Stalling when climbing to cruise on autopilot

Pro Member Trainee
rifty Trainee

I am having a problem with every type of multi-enjine jet aircraft on climb to cruise altitude under autopilot. It happens with add-on as well as in-built, so I am assuming I am doing something wrong - advice welcome.

On climb out I set alt hold to the SID ( say FL100) and vert rate to 2500, IAS 250Knt. - All OK.

Leaving SID I set alt hold for cruise alt, and vert speed and IAS to aircraft specs, usually around 2500-3000ft/min and 300-320 IAS. Around 20.000ft I switch to Mach Hold and set to aircraft specs.

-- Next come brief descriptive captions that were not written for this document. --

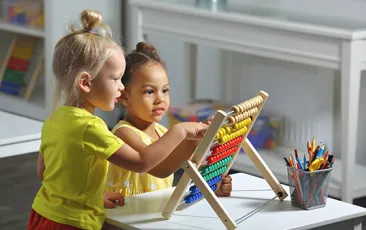 Preschoolers playing with a toy together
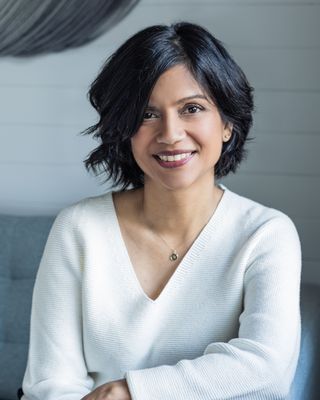 Photo of Natasha Ghosh, Counsellor, PhD, MEd, CHyp, RCC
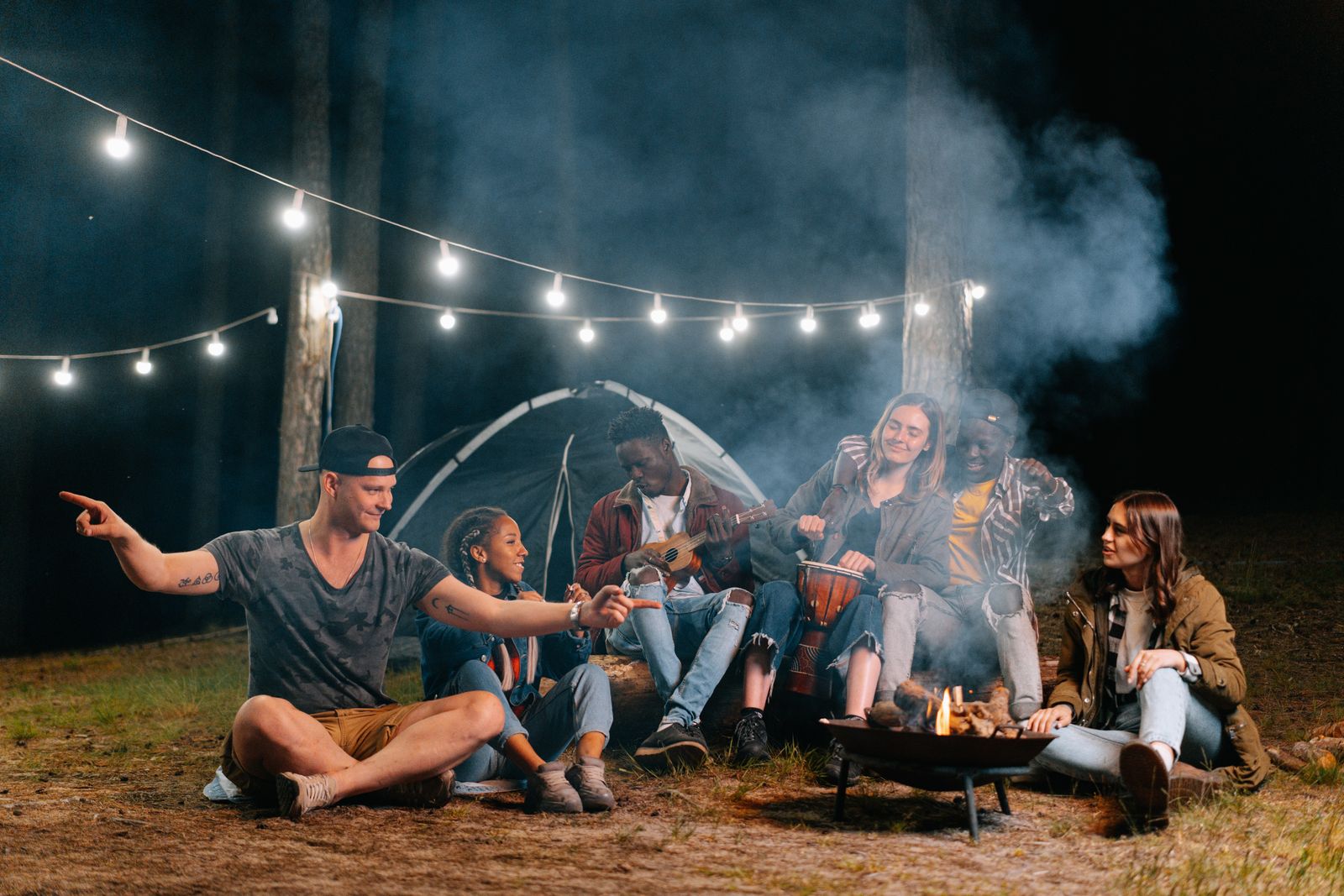 Friends sitting around a campfire in a forest at night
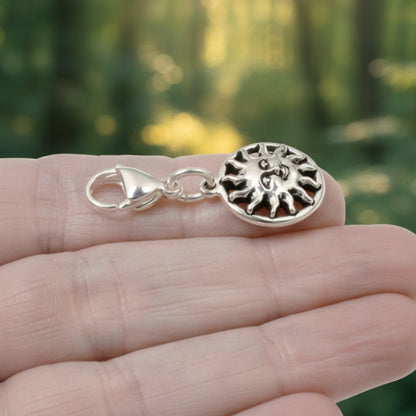 Hackberry Creek silver sun charm with a lobster clasp held in a hand against a blurred forest background.
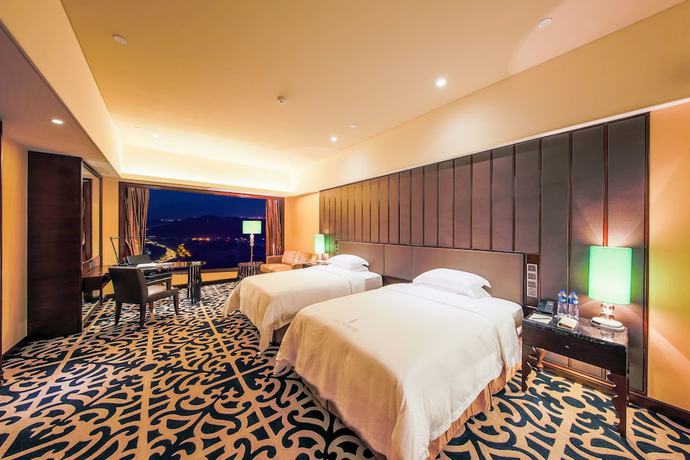 Imagen de la habitación del Hotel Malachite Dongguan. Foto 2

Every time when I get within 3000' to 5000' of cruise altitude, the airspeed drops very suddenly, the stall warning comes on and a stall happens almost within 3-4 secs of the first sign that the IAS is dropping. Cancelling the AP master does not disengage the separate holds, and the yoke is not responsive. I have to cancel every individual hold on the AP panel and then proceed to stall recovery manually. The AP leaves the elevator trim at MAX, so I have to push the yoke forward to the limit to drop the nose while desperately cancelling the trim to neutral.

I have read and re-read the manuals for the aircraft and the lessons and the forums and I cannot find a solution to this. Is this a new phenomenon, or can anyone recognise my obvious error?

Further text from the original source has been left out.